La soluzione unitaria per la Regione ebbe l’appoggio determinante del segretario provinciale della D.C. di Udine avv. Bressani, che respingeva lo “status” speciale per Trieste e le stesse autonomie provinciali, anche se chiedeva per Udine la sede degli assessorati (“Nuovo Friuli”, 20.5.1962). Tessitori operò un estremo tentativo contro una soluzione improvvisamente accettata (per motivi che ci sfuggono) dagli stessi triestini.

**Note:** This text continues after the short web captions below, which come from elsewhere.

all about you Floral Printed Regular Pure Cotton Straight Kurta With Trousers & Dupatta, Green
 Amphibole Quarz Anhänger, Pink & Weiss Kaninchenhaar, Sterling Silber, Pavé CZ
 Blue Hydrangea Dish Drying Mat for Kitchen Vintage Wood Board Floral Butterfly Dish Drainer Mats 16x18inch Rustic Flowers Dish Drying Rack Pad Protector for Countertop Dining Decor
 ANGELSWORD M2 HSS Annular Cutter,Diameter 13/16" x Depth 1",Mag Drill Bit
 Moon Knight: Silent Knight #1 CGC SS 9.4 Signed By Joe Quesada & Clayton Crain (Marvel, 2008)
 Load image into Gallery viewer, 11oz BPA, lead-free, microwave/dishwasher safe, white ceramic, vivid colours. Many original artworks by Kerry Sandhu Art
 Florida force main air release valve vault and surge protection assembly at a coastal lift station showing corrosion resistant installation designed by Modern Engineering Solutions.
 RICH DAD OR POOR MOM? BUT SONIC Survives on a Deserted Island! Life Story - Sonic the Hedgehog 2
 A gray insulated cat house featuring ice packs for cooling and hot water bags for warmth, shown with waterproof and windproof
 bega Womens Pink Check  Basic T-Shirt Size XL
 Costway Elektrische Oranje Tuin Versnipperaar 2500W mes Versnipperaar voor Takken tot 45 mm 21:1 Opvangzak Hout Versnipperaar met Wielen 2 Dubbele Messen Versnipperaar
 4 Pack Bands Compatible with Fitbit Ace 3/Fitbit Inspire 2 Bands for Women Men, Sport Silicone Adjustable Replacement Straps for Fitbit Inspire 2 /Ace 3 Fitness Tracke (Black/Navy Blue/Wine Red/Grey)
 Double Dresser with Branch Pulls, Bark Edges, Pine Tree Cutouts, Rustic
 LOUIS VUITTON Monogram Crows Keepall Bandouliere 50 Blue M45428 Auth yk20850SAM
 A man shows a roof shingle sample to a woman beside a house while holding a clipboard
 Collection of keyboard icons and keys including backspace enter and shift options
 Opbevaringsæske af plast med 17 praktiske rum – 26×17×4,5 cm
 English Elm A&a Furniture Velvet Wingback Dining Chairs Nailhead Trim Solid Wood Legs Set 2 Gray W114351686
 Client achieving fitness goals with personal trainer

Trieste “aveva bisogno”, disse in Senato Tessitori “nel quadro della Regione, di una sua particolare posizione giuridica, che consentisse I elasticità, l’agilità, la libertà di movimento che la città ha sempre saputo usare nelle lunghe e qualche volta tragiche vicende della sua storia”. Tale era il progetto del PCI e quello del PSI: così pure il progetto della DC triestina. “Se da varie fonti”, affermava, “politicamente distinte, diverse, antitetiche, ci viene indicata una strada, perché non esaminarla? Perché non cercarvi la soluzione?”. E più avanti: “A me consta che, pochi mesi fa, il Mercato Comune Europeo avrebbe fatto condizioni di particolare favore ad Amburgo in considerazione dell’autonomia che quel porto e quella città godono. Ed allora pensavo e penso che il dare a Trieste una sistemazione giuridica di larga autonomia poteva costituire uno strumento valido per ottenere che il MEC non trascurasse anche il grande emporio dell’”Adriatico”.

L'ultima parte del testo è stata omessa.